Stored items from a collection
===============

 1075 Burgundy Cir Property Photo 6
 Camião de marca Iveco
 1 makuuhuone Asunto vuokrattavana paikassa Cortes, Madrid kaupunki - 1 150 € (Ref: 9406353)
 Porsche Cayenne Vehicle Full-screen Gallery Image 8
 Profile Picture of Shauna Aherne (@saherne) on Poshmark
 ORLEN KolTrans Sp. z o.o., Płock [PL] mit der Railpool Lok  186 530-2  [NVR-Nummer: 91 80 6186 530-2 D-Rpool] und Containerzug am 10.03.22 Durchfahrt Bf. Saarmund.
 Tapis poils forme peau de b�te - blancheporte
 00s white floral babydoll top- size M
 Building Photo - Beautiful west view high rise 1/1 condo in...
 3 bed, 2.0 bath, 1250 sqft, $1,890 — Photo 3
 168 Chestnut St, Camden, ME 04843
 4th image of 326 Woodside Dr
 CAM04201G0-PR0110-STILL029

===============

Instructions to follow: Every line that contains the string "Photo" should be returned from the data.

Result below:
 1075 Burgundy Cir Property Photo 6
 Building Photo - Beautiful west view high rise 1/1 condo in...
 3 bed, 2.0 bath, 1250 sqft, $1,890 — Photo 3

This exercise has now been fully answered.